O jornalista Daniel Souza Luz escreve crônica sobre os tempos de criança em Poços de Caldas

O jornalista Daniel Souza Luz escreve crônica sobre os tempos de criança em Poços de Caldas, onde brincar de guerra era uma coisa muito natural.

Havia Atari e tinha brinquedos de guerra. Tanques, armas e soldados de brinquedo hoje me parecem uma bizarria, mas vá lá. Que eu gostava de brincar de guerrinha, gostava. Quase todas as crianças gostavam. Quer dizer, ao menos os meninos (mau sinal, não é?). Teve uma vez que foi fera demais.
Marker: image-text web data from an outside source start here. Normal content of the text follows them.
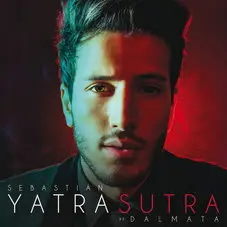 Sebastin Yatra - SUTRA - SINGLE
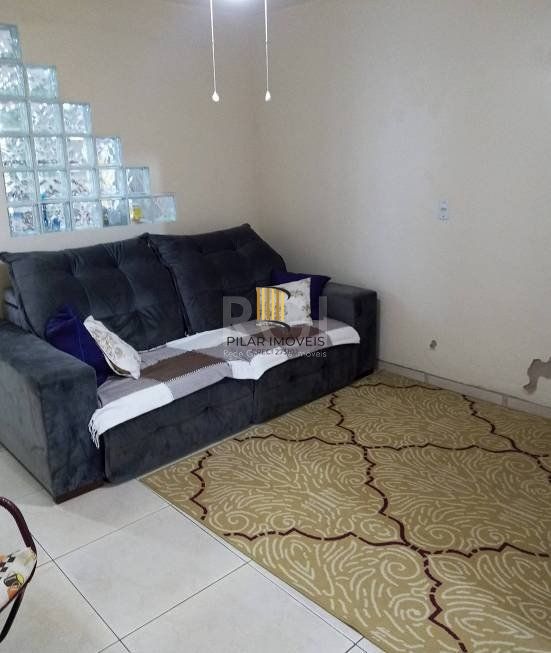 Casa para Venda - 160m², 4 dormitórios, 2 vagas - Vila Ipiranga
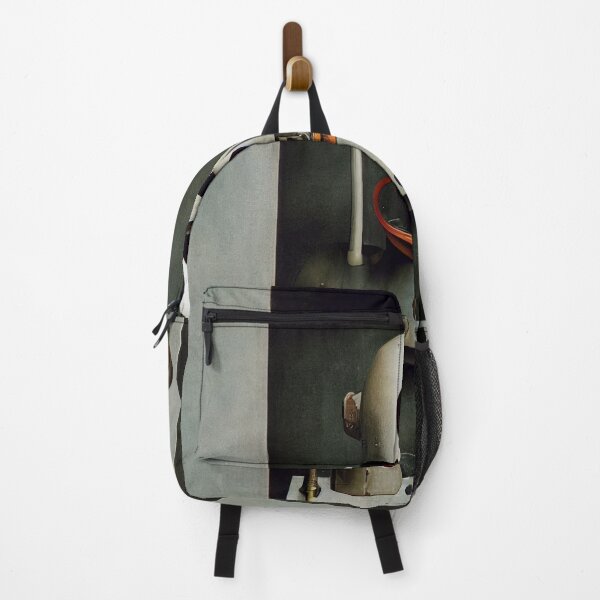 Item preview,  Vintage robot design designed and sold by Art-Love-Design.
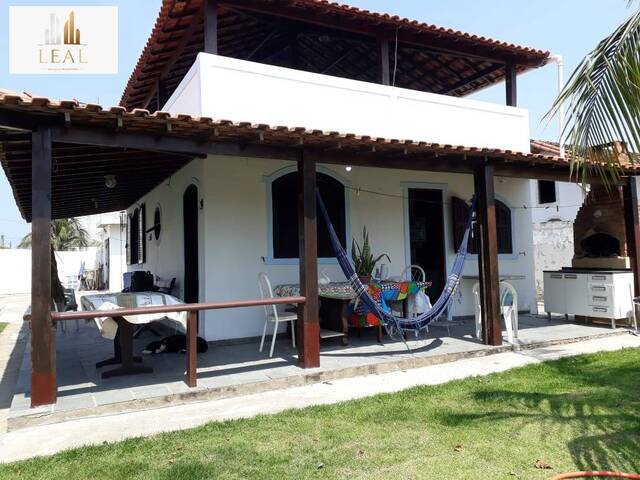 #1668 - Casa para Venda em Maricá - RJ - 1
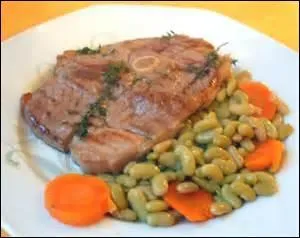 Lequel de ces plats n'existe pas ?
Armamos (opa) de fazer uma guerrinha diferente: em vez de ser entre a molecada com pistolas de brinquedo -ou mãos fazendo as vezes de revólveres – e com nós mesmos bancando os soldados, fizemos uma guerra entre os nossos brinquedos. Juntou um pessoalzinho na casa do Coruja, amigo nosso de Santos, que costumava passar as férias em Poços de Caldas na casa da avó dele, na rua de cima, a Marçal Santos, no bairro de mesmo nome.

Combinamos assim: as escaramuças aconteceriam no gramado do quintal. No corredor ficava o nosso quartel-general. Na edícula do fundo, onde era aberta a área da máquina de lavar, ficava o quartel general do inimigo, que no caso era nosso amigo Maurício, cujos pais tinham grana, o que lhe proporcionava tantos brinquedos de guerra que era ele sozinho contra a rapa.
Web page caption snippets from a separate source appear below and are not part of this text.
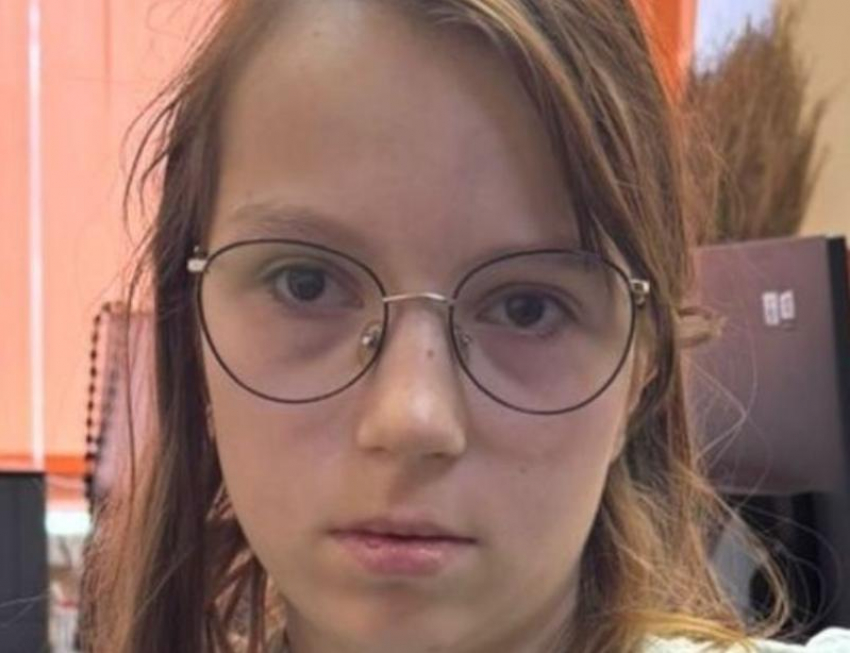 Нуждающаяся в медицинской помощи девушка пропала в Краснодаре 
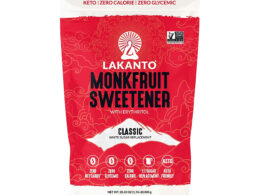 LAKAN CLSC MONKFRT SWTNR ( 8 X 28.22 OZ   )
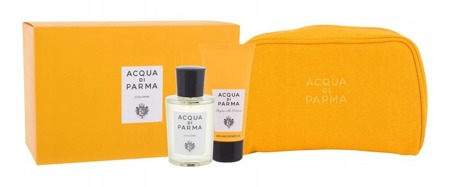 Acqua Di Parma Colonia EDC 100 ml + SG 75ml + kosmetinė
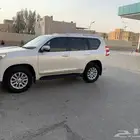 برادو خليجي 2017 تانكي كبير نظيف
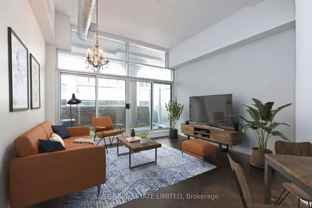 233 Carlaw Ave #310 - Photo 1 of 1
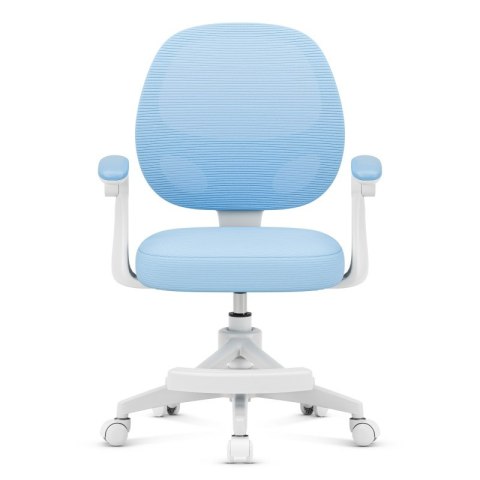 Fotel obrotowy dla dzieci Junior 3.1 Blue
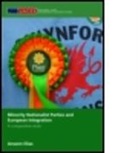 Anwen Elias, Anwen (Aberystwyth University Elias, Elias Anwen - Minority Nationalist Parties and European Integration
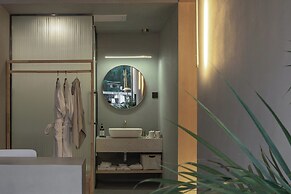 Yangshuo Geemu Building House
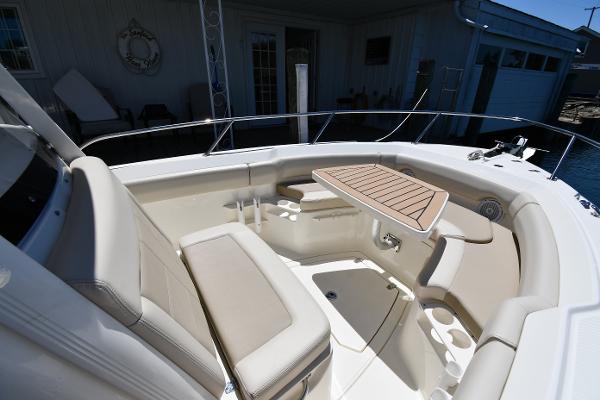 23' Boston Whaler, Listing Number 100874347, - Photo No. 24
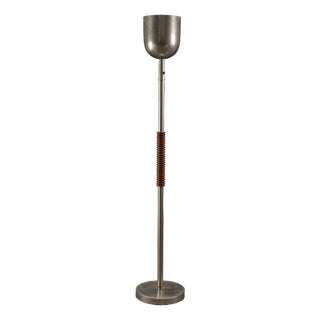 Art Deco Standing Lamp attribued to Gio Ponti, 1930s For Sale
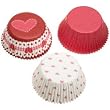 Wilton Valentine Standard Baking Cups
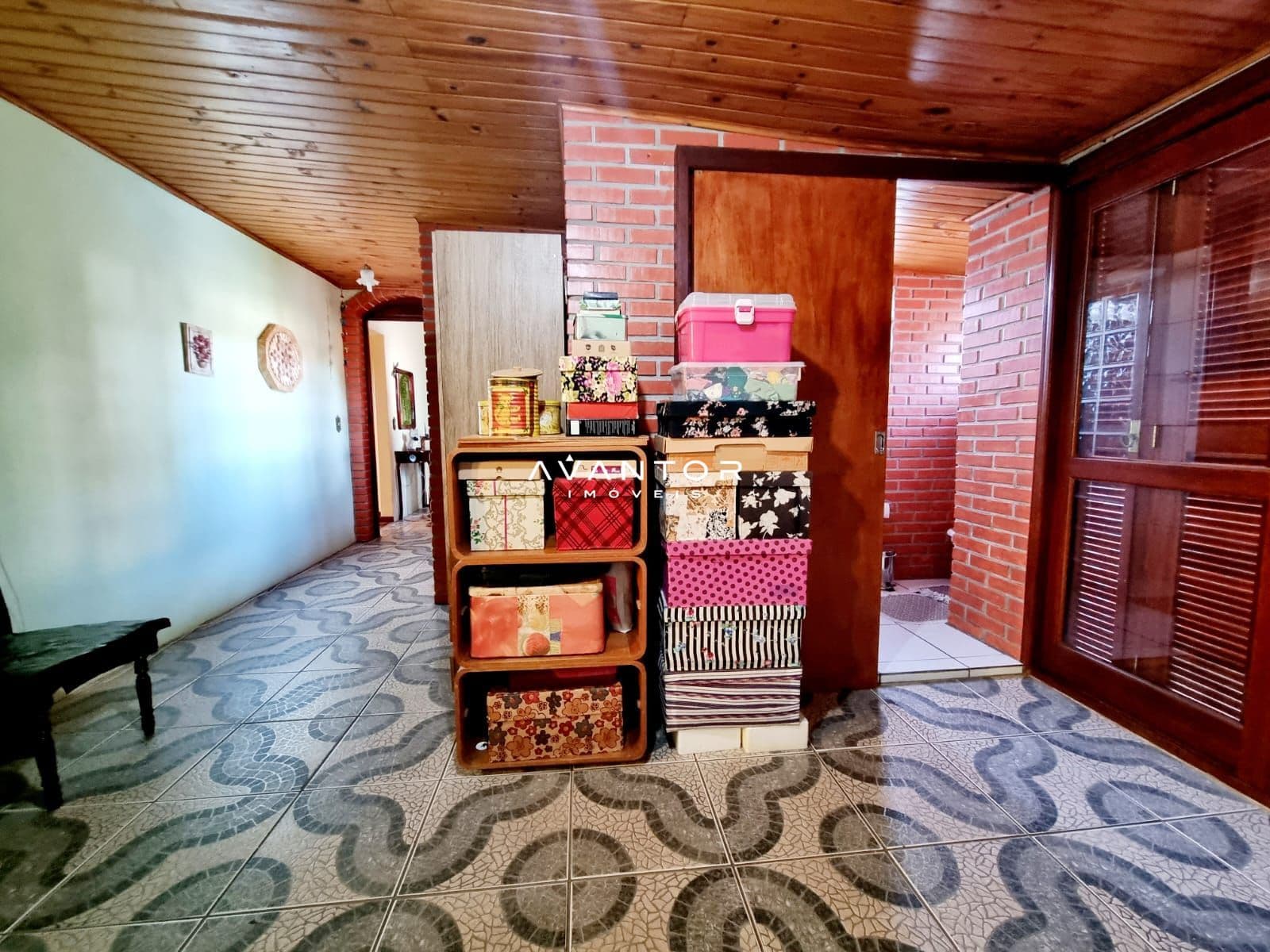 Casa com 3 quartos à venda em Duque de Caxias, Santa Maria/RS — foto 11 de 22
Assim seguiu-se a batalha, cheia de estratégias e bombardeios com pedrinhas nas naves; se alguma era acertada tava fora. Os quartéis generais eram protegidos por campos de força. Mesmo invisíveis, respeitávamos completamente os entes intangíveis que criamos.

Assim se deu por horas. O mecanismo do campo de força eram pedras que deviam ficar em cima de uma cadeira; punham-se elas no chão e se entrava com os brinquedos que não podiam mais ser atacados. Não me lembro mais quem gritou, acho que foi o Coruja.

– OLHA O CAMPO DE FORÇA DELE DESLIGADO!

O Maurício estava atacando algum flanco. Ele estava longe da casinha do fundo. Saímos correndo e entramos impetuosamente
dentro do quartel-general dele. Lembro que estávamos eu, meu irmão e o Coruja, mas tinha mais moleques ainda. Eu tranquilamente bombardeei com pedrinhas os bonequinhos de soldado dele, no começo.

Quando vi, no entanto, o Coruja estava dando bicudas nos jipes e tanques do Maurício. Aí todos os combatentes decidiram que não haveria prisioneiros. Não conhecíamos a Convenção de Genebra ainda, éramos muito jovens. Ele voltou para lá gritando para pararmos, mas fomos derrubando e “explodindo” tudo.

Conversando com meu irmão hoje, ele lembrou que o Maurício levou para lá uma bela réplica de um F-14 Tomcat, dessas que se monta pacientemente com cola em casa. Voou pelos ares, no mau sentido, durante aquela blitzkrieg bop mirim. O Maurício foi embora chorando, juntando os cacos dos brinquedos dele.

Se eu fosse ele, sairia chutando nossos brinquedos,afinal ele saiu pelo corredor atravessando o nosso campo de força invisível, que deixamos cuidadosamente ligado. Mas ele não foi à forra. Depois ficamos morrendo de medo dos pais dele bater na porta de nossas casas e cobrarem-nos os brinquedos estragados. Não deu nada. Ninguém se machucou mesmo. Essas guerras são as únicas que não são tão bestas.